Kolumne | Auf den Zweiten Blick
Kolumne | Auf den Zweiten Blick
Hephaistos, der Sohn von Zeus und Hera, schuf einst auf Geheiß seines Vaters eine Frau aus Lehm und nannte sie Pandora. Berühmt wurde sie ausschließlich für ihre Büchse und das Unheil, welches sie dadurch über die Menschen brachte, dass sie ihre Neugierde über den Doseninhalt wider die Anweisung des Göttervaters nicht ihm Zaum zu halten wusste. Das Übel, das dem unseligen Behälter entwich, ereilte die Erde in Form aller denkbaren Laster und Untugenden, an denen sich die Öffentlichkeit immer dann genüsslich delektiert, wenn Prominente und Superreiche davon betroffen sein könnten. Denn deren offensichtlichstes Laster scheint die Gier.
Nicht minder genüsslich und in der Intention allzu transparent hat ein Rechercheverbund den Namen Pandora für ein „Projekt“ gewählt, im Rahmen dessen es Millionen geleakter Daten ausgewertet und damit das Finanzgebaren von Politikern, Prominenten und Firmen publik gemacht hat: „Pandora Papers“. Der Name liefert die moralische Verurteilung gleich mit.

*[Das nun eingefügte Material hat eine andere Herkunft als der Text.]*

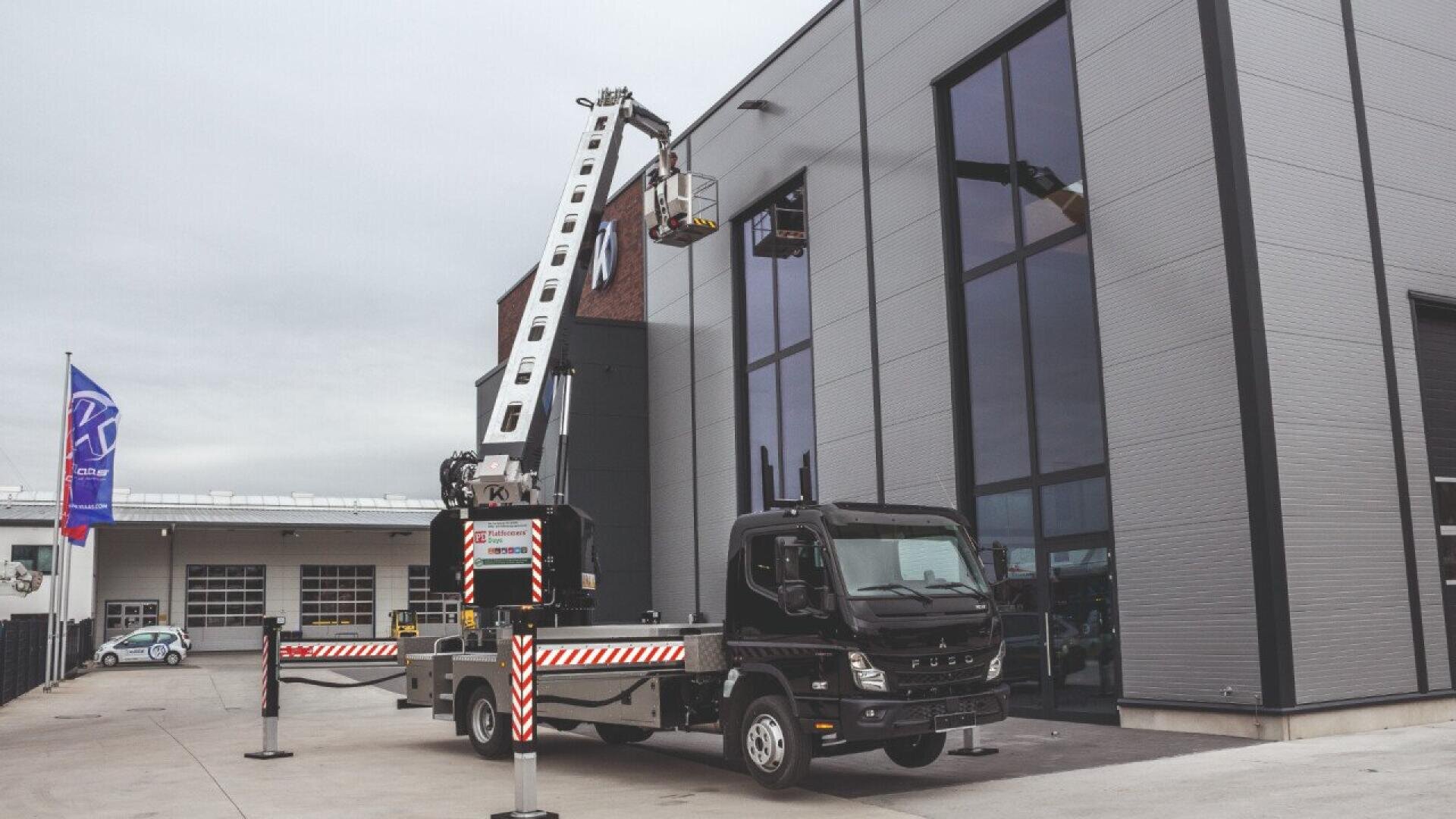 A black truck with an extended articulated boom lift raises a worker in a bucket to a high window on a modern industrial building, with safety stabilizers deployed on both sides.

Die nun öffentlich benannten Personen stehen ob ihrer Geldgeschäfte am Pranger. Einen Wikipedia-Eintrag gibt es auch schon (so schnell geht das sonst nicht). Wer mag, kann sich die Liste der Betroffenen genauer anschauen.

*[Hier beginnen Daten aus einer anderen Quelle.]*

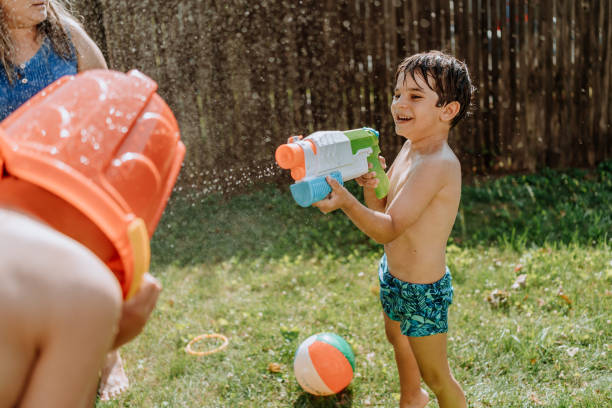 istock Brothers playing with water in the yard 1256870876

Nein, es ist nicht schön, wenn gerade die Superreichen versuchen, Steuerzahlungen zu vermeiden, so sie es denn überhaupt getan haben. Es ist auch nicht klug, wenn Claudia Schiffer, Elton John oder Tony Blair hinter Firmennamen verdeckt investieren, obwohl sie natürlich ein Recht darauf haben, dass nicht jeder weiß, was ihnen gehört.

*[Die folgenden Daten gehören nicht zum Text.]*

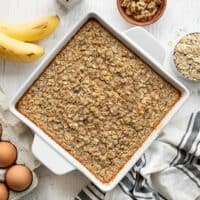 Overhead view of a casserole dish full of banana bread baked oatmeal, surrounded by ingredients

Allerdings ist, anders als die Betitelung der Papiere suggeriert, damit noch überhaupt nicht gesagt, wer das Finanzamt betrügt und wer nicht oder wer sein Geld aus dunkleren Kanälen zieht. Genau das ist die Krux der Arbeit des Recherchenetzwerkes, das sich mit der Nennung von ein paar hundert vermeintlichen Übeltätern in Szene setzt und nur in einer Fußnote darauf hinweist, dass nicht alles illegal sein könnte.
Vor der Veröffentlichung solcher Daten müsste eigentlich eine erste doppelte Recherche stehen. Die nämlich nach der Illegalität des Tatbestandes solcher Konten und Briefkastenfirmen und vor allem nach der Herkunft des Geldes, das da auf Offshore-Konten seiner Verwendung harrt. Erst wer darum weiß, wäre berechtigt, öffentlich Menschen in den Verdacht von Unrechtstatbeständen zu rücken, so sie sich denn auf solchen Listen finden. Diese Arbeit aber hat noch gar nicht stattgefunden.
Insofern ließe sich nicht nur über die moralische Einstellung derer diskutieren, die sich – legal oder illegal – am Fiskus vorbeischieben, sondern auch über die Art und Weise, solche Leak-Projekte öffentlichkeitswirksam zu verarbeiten, da doch zumindest in Deutschland – dem Rechtsstaat sei Dank – vor dem Beweis der Schuld die Unschuldsvermutung steht.